Companion blog to the book Better Embedded System Software by Phil Koopman at Carnegie Mellon University
Friday, May 4, 2012
The End of ESP/ESD Magazine
The print edition Embedded System Design (formerly Embedded System Programming) has published its last issue. For folks who have been doing this for a long time this is a huge change in the embedded systems landscape. Jack Ganssle has an article about his experiences in his last regular column (http://www.eetimes.com/discussion/break-points/4372144/Farewell--ESD). They're going to invest effort into the web version, and I wish them all the best. Hopefully it will be even better, but it won't be the same.
I started doing embedded systems while I was an undergrad at RPI. My first big project was writing microcode for a graphics display system at IBM over a summer, complete with fixed point trig functions. Then I wrote the software for a control system that ran a hotel in the early 1980s. When I say "ran" I mean turning power off to unused rooms, running a timer for a 3-hour TV movie rental system, giving room status to the maid break room monitor, and running a fairly complex cash register. The entire thing ran on an Atari 1200 at first (IBM PC original later, when it came on the market). Those systems ran at a handful of MHz and had 64KB of memory. Only floppy disks -- hard disks were too expensive. It was all programmed in Forth (no other language of that era could pull that off on an inexpensive personal computer, and the company learned that the hard way by trying others). Since then computers in hotels have become common. But we were there in the first wave on automation side (others did bookkeeping at about the same time), and it was a fun ride.
I then got my undergrad degree, drove US Navy submarines, did some combat system integration, got a PhD, and then parlayed a CPU design startup venture from my bedroom into a job with Harris Semiconductor doing embedded controller design. I managed to get two articles into Byte magazine along the way (remember that? or at least heard of it?). One of them was a cover article on a particular style of computer design (April 1987). When I visited the Smithsonian computer history exhibit there was a huge stack of Byte magazines on display, and I could see the spine of that issue buried in the stack. Nothing makes you feel older than seeing something you wrote in a museum!

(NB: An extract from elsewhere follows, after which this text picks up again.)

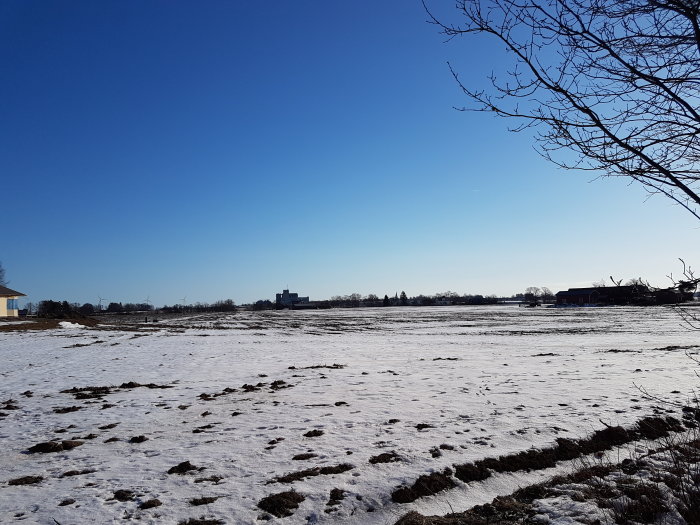 Vinterlandskap med snötäckt mark och hus i bakgrunden under en klarblå himmel.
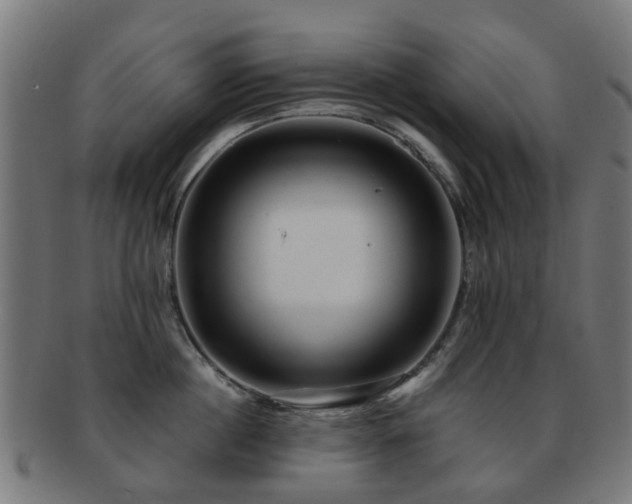 X0000091900860200709051402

Jack has posted a copy of the very first ESP magazine from 1988 posted here: http://www.ganssle.com/misc/firstesp.pdf In addition to several pictures of original IBM PC "clone" systems (as we called them in the 80s) you'll also see a 4-page spread for the RTX CPU series on pages 53-56. Those are the guys I started working for in 1989, designing the 32-bit version of the processor family and helping with evolution of the 16-bit version they already had been working on. I found and started reading ESP around the second or third issue, and have read every single issue since. I also assign selected articles from back issues to students in my courses today as a way to supplement embedded system textbooks with articles that in many cases are more directly applicable to the real world. I contributed a few articles to ESP over the years and did the Embedded Systems Conference a few times -- most recently about a year ago in Silicon Valley. It's always fun to connect with the community that way.

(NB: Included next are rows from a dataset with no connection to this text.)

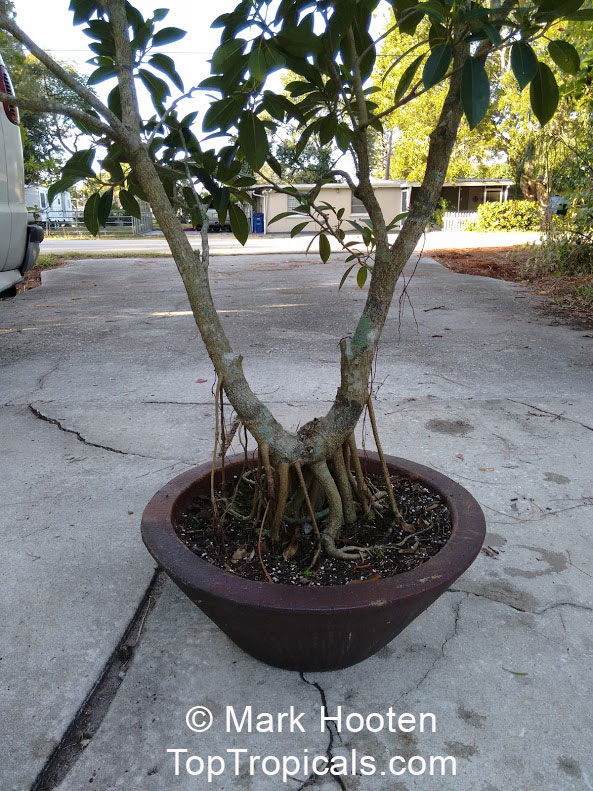 Ficus citrifolia - Florida Banyan, Shortleaf Fig 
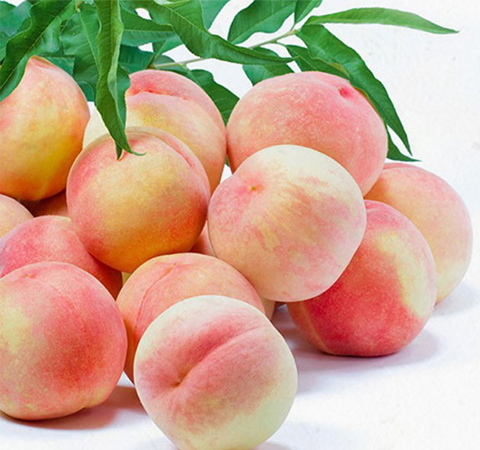 揭甲鱼的营养价值 最佳滋补佳品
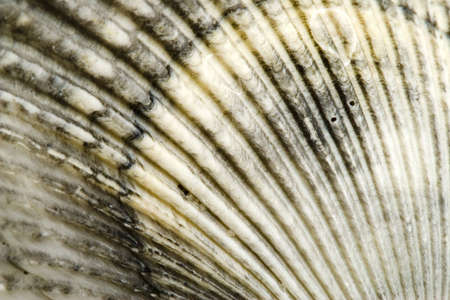 Macro of beautiful sea shellの写真素材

I've been doing embedded systems one way or another since I got my degrees, including a few years at United Technologies (mostly elevators and automotive, but also time with jet engines, radars, sonars, helicopters, HVAC systems, and things I'm forgetting). Then I went to Carnegie Mellon to work on wearable computers, software robustness testing, embedded networking, graceful degradation, embedded system safety, and embedded system security. And most recently, autonomous vehicle dependability.
Along the way I've kept up with ESP/ESD even though I was really supposed to be spending more time reading journals and other academic-type stuff. But the embedded system articles are more fun! I've noticed the magazine getting thinner and thinner in recent years, and figured it would eventually come to an end. But it is still sad to see it go. Embedded systems as a profession is quite decentralized. For many years the only real common element that professionals were likely to have was a subscription to that magazine. Other publications have appeared, blogs like this one have popped up, and I know the ESD web site will live on. Hopefully in ten years the community will have even better resources available. We'll see how it turns out.
(PS: for those of you who have noticed no blog postings in a while, this blog and I are both still alive. I have just been that busy. I expect to get back to regular posting eventually. And my CRC blog will see more activity when I get some research funding permissions issues cleared up, although that may be a while.)